Monaco does have quite a lot of sights to interest most visitors and makes an excellent day trip destination from Nice.
Many of the millions of people who watched the Monaco Grand Prix on their televisions this year will probably have felt just as I did – that the setting is fabulous, but is there really more to Monaco other than just a grand-prix circuit? Monaco is the smallest principality in the world, a famous tax haven and playground of the rich and famous. It certainly enjoys a stunning location, situated on an escarpment at the foot of the Maritime Alps overlooking the sparkling Mediterranean Sea.
Many visitors to Monaco will probably want to try to visit some of the locations on the famous Grand Prix circuit, and to imagine the atmosphere on race day – Saint Devote corner, the tunnel exit, the port and pool area and the famous Rascasse corner can all be seen on a walk around Monaco-Ville. However, there are a number of other sights which are well worth seeing during a visit to the principality.
The Casino is certainly a famous landmark which also features on the Grand Prix circuit. The name Monte Carlo refers to the quarter of Monaco which contains the Casino. This famous gambling and entertainment complex dates back to the 19th Century, when it was felt to be a rather risky venture which was aimed at bringing more visitors to Monaco. If you want to visit the Casino you’ll need your passport as residents of Monaco are not allowed to gamble in their own casinos and passports are checked to enforce this law. Even if you’re not a gambler, the Grand Casino is worth a visit to see the lavish decorations including beautiful frescoes and bas reliefs.
Another top sight in Monaco is the Royal Palace, seat of the ruling Grimaldi family. Overlooking both the city and the sea, this Renaissance palace was built in 1215 by the Genoese. A Changing of the Guard ceremony takes place daily in the courtyard just before noon. The Prince’s Palace, including the State Rooms, can be visited daily. A season of summer concerts by the Monte Carlo Philharmonic Orchestra takes place in the palace from mid -July until early August, for which tickets can be bought on-line. A short distance from the Palace is the Cathedral of Saint Nicolas.

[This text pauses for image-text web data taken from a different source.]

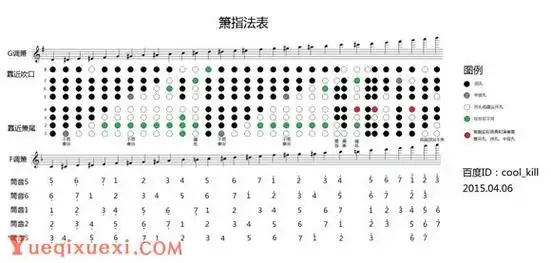 【箫指法表】箫爱好者原创实用洞箫指法表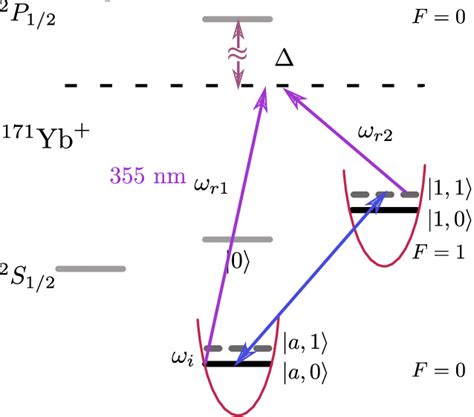 Energy Level Diagram Of A Trapped 171 Yb Ion Two 355 Nm Pulsed Laser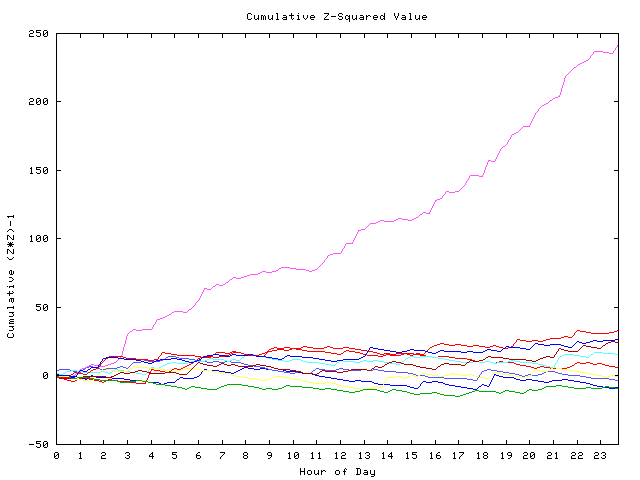 Cumulative Z plot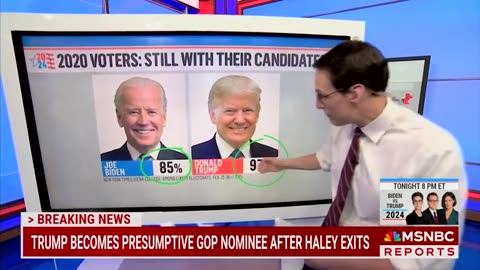 MSNBC Report Shows Biden's Support Is Continuing To Drop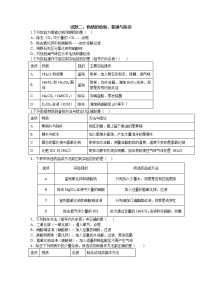 2021中考化学专题专训   试题二：物质的检验、鉴别与除杂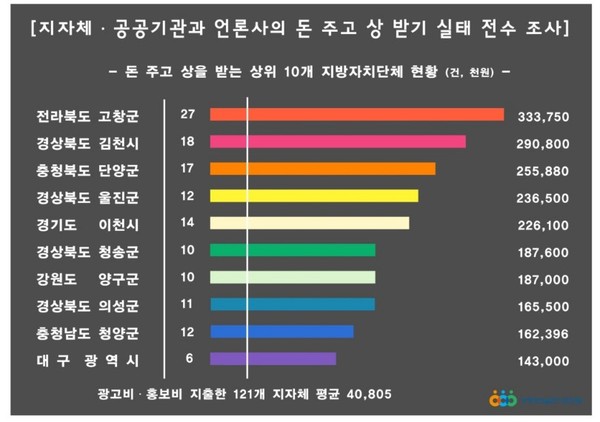 경실련 발표자표(홈페이지 갈무리)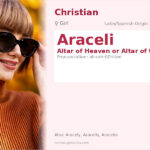 Araceli Name Meaning and Details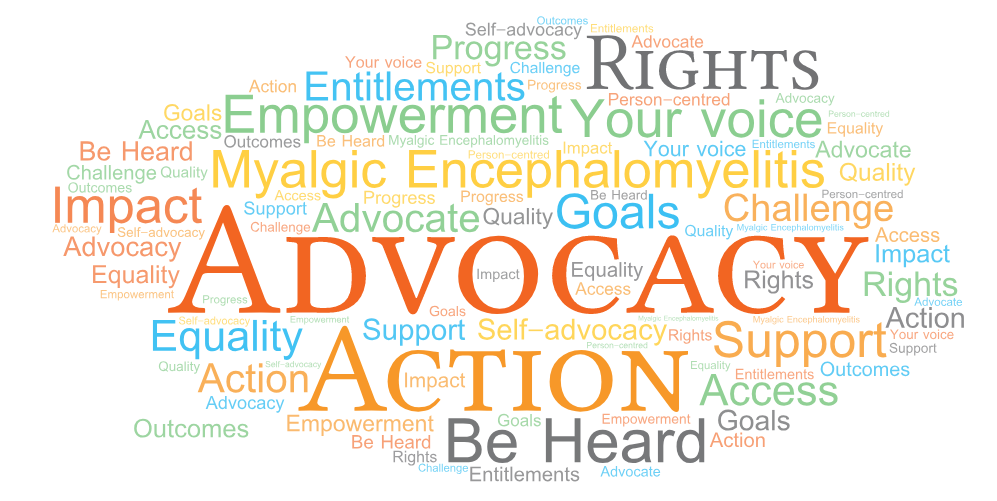 Call for applications for the post of Advocacy Officer at IHRDA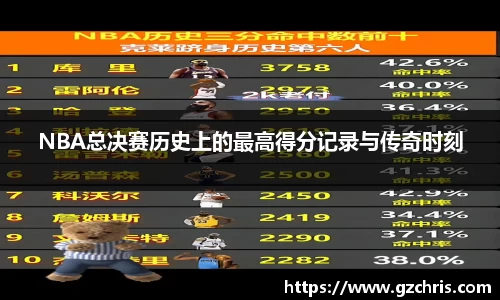 NBA总决赛历史上的最高得分记录与传奇时刻
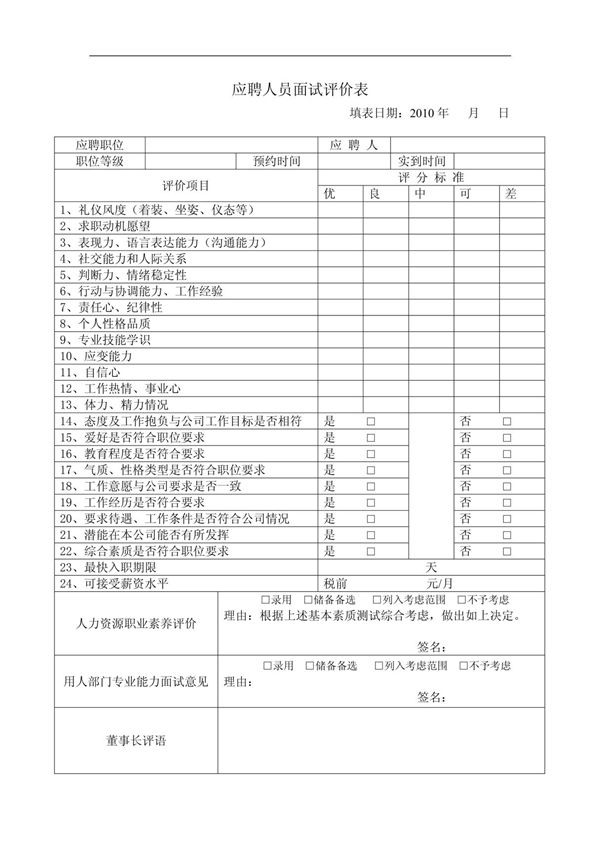 应聘人员面试评价表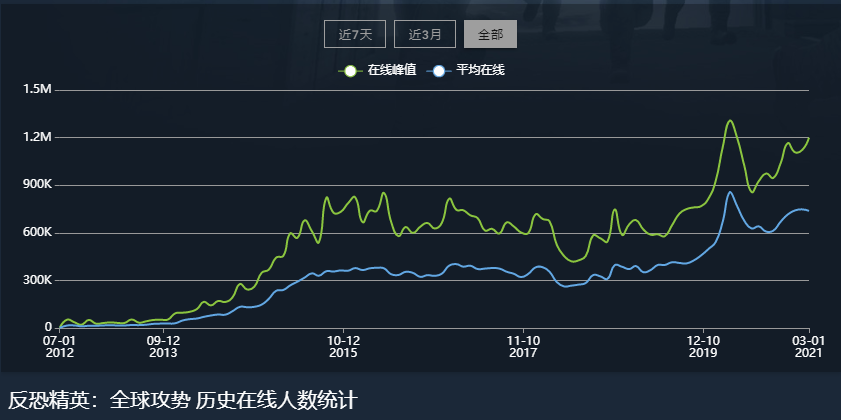 CSGO开箱文化大火，“盲盒精神”会取代游戏竞技精神吗？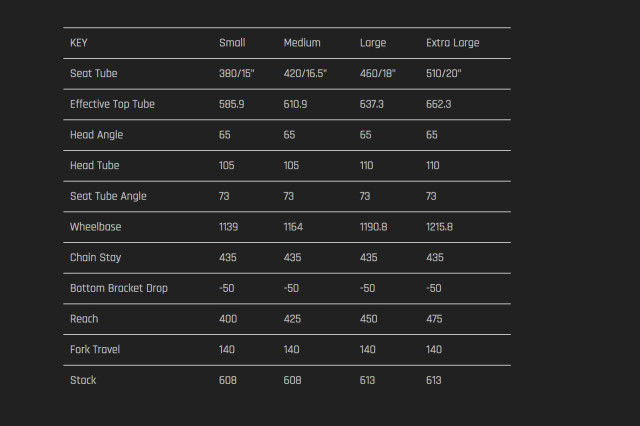 Nukeproof Scout 275 Sport geometry.jpg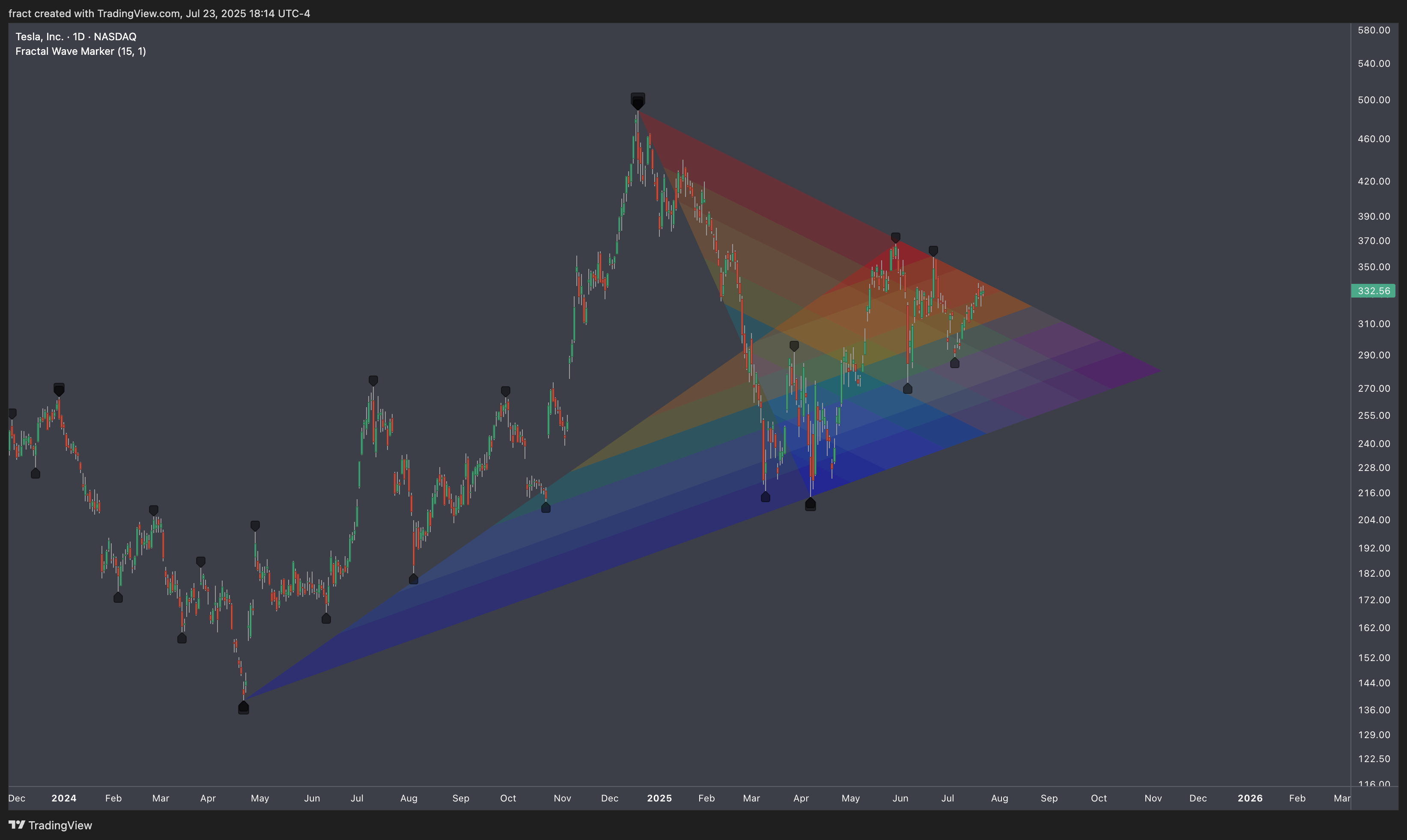 BATS:TSLA Chart Image by fract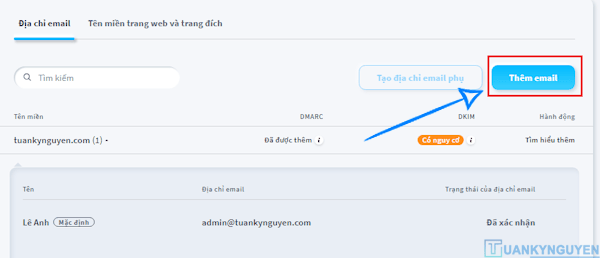 Hướng dẫn sử dụng Getresponse Tuankynguyen 3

Monaco’s royal family have been in the spotlight since the former 1950’s film star Grace Kelly married the country’s sovereign Prince Rainier III in 1956. It is in this neo-Byzantine cathedral that past sovereigns, including Prince Rainier and Princess Grace, are buried.
If you have any time left while you’re in Monaco, you might like the visit the Oceanographic Museum, which has the look of a Victorian mansion rising up from the sea. It is packed with fascinating exhibits including an aquarium and a remarkable 90ft whale skeleton.
So … there are plenty of sights to interest most people who visit Monaco, but one day would probably be enough as your budget might not allow for a longer stay!